WORK REQUEST:
Return only what lies between the first line of the entries and the line containing "2016 HYUNDAI GRANDEUR HG", both lines included.

....

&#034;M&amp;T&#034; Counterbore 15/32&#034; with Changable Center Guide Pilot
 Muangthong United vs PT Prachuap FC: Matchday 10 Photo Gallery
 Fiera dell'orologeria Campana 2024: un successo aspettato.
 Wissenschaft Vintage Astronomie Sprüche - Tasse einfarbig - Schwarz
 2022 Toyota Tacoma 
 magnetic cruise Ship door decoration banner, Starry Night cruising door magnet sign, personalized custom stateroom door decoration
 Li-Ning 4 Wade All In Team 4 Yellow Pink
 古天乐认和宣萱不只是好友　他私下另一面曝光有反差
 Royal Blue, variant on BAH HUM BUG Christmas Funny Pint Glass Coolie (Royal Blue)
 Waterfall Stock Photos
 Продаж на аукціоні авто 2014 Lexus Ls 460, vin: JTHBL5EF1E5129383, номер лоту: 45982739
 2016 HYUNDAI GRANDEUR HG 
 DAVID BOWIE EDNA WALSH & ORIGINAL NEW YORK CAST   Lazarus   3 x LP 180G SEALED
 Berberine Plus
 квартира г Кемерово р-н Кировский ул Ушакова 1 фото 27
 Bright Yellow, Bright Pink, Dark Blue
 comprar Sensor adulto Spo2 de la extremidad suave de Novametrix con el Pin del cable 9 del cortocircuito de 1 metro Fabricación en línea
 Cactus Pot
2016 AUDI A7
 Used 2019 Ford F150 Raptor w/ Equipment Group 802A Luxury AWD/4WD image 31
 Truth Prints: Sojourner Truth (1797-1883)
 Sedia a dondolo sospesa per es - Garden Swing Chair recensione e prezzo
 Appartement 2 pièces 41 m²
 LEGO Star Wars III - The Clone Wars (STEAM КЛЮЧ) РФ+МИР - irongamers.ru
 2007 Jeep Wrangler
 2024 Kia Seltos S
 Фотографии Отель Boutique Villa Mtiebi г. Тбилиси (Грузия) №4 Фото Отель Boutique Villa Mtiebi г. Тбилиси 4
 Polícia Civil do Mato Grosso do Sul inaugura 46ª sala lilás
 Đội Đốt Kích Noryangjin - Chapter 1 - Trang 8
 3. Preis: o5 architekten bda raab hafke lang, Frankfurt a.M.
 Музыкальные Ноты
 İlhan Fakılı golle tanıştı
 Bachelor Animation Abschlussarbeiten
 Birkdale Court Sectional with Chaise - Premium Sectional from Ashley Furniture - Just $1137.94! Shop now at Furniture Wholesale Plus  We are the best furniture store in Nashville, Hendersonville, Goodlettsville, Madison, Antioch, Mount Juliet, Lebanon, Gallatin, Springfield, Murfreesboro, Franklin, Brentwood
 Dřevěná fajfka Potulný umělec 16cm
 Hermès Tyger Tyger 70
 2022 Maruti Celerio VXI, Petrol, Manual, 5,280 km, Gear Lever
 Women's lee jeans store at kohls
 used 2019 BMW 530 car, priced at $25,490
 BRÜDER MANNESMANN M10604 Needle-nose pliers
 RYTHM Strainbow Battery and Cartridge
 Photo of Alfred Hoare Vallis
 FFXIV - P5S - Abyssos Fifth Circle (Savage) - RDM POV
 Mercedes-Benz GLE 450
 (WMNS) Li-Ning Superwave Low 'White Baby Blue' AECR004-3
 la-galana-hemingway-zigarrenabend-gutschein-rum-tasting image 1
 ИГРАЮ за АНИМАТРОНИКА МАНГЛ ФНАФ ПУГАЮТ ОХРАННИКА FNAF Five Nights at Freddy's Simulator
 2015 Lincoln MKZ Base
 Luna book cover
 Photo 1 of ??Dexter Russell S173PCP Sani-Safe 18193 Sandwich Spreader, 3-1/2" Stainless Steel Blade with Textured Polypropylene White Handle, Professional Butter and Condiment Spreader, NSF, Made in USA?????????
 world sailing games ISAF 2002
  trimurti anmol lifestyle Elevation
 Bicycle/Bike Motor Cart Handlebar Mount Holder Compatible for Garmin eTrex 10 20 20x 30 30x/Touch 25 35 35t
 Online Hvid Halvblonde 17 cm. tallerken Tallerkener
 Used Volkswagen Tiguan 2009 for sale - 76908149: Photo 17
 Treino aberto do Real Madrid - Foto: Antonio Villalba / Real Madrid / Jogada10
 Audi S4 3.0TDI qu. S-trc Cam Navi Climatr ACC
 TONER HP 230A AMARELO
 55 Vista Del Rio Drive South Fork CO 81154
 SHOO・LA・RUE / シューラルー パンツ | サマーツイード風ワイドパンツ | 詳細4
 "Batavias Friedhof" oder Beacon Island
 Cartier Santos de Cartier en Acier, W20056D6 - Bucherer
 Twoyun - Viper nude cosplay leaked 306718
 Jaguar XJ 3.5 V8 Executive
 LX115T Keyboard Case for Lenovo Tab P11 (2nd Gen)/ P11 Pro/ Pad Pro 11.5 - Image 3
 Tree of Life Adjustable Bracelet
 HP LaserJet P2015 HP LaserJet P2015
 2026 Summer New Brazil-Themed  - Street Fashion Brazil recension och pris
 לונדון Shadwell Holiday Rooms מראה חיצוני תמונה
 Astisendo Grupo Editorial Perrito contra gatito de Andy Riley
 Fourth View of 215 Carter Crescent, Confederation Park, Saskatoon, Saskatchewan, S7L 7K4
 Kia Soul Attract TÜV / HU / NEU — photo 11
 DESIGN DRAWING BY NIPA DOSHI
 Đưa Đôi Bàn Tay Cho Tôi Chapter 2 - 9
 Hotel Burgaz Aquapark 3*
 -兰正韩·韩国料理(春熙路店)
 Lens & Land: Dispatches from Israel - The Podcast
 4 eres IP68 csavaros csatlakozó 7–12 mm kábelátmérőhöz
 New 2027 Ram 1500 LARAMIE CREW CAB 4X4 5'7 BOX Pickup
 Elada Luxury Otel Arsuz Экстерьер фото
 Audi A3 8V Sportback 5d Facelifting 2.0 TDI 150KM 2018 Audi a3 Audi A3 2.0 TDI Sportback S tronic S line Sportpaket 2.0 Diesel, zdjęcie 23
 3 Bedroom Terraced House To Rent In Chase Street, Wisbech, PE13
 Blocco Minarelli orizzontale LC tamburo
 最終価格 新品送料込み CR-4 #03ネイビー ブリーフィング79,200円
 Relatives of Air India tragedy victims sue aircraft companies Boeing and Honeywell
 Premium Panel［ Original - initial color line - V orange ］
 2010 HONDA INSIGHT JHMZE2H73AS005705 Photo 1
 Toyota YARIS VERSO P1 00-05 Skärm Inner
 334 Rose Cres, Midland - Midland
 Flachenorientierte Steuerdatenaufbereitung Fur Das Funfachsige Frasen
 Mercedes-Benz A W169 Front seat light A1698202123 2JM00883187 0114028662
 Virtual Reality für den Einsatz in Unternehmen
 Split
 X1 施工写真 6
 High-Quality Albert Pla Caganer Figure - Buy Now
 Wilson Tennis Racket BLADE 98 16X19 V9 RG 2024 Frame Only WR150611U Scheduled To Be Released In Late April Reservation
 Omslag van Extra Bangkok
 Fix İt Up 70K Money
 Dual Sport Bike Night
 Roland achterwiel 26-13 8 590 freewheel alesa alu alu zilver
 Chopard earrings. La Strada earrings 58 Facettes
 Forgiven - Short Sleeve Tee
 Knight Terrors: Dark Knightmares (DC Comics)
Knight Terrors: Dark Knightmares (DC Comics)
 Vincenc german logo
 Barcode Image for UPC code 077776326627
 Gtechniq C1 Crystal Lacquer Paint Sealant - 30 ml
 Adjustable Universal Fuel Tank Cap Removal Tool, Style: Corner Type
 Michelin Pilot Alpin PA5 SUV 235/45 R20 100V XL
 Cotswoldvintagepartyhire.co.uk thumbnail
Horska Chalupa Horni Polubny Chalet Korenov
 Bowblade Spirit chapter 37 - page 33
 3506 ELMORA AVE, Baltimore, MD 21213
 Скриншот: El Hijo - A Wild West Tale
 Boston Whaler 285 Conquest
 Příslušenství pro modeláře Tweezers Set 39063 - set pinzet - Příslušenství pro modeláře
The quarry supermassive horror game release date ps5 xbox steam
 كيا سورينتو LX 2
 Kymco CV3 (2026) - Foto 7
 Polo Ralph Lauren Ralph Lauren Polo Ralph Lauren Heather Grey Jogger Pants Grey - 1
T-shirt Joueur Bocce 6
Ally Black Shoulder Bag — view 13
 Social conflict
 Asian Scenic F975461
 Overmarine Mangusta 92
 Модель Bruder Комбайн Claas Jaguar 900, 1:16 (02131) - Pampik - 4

....

EXPECTED ANSWER:
&#034;M&amp;T&#034; Counterbore 15/32&#034; with Changable Center Guide Pilot
 Muangthong United vs PT Prachuap FC: Matchday 10 Photo Gallery
 Fiera dell'orologeria Campana 2024: un successo aspettato.
 Wissenschaft Vintage Astronomie Sprüche - Tasse einfarbig - Schwarz
 2022 Toyota Tacoma 
 magnetic cruise Ship door decoration banner, Starry Night cruising door magnet sign, personalized custom stateroom door decoration
 Li-Ning 4 Wade All In Team 4 Yellow Pink
 古天乐认和宣萱不只是好友　他私下另一面曝光有反差
 Royal Blue, variant on BAH HUM BUG Christmas Funny Pint Glass Coolie (Royal Blue)
 Waterfall Stock Photos
 Продаж на аукціоні авто 2014 Lexus Ls 460, vin: JTHBL5EF1E5129383, номер лоту: 45982739
 2016 HYUNDAI GRANDEUR HG 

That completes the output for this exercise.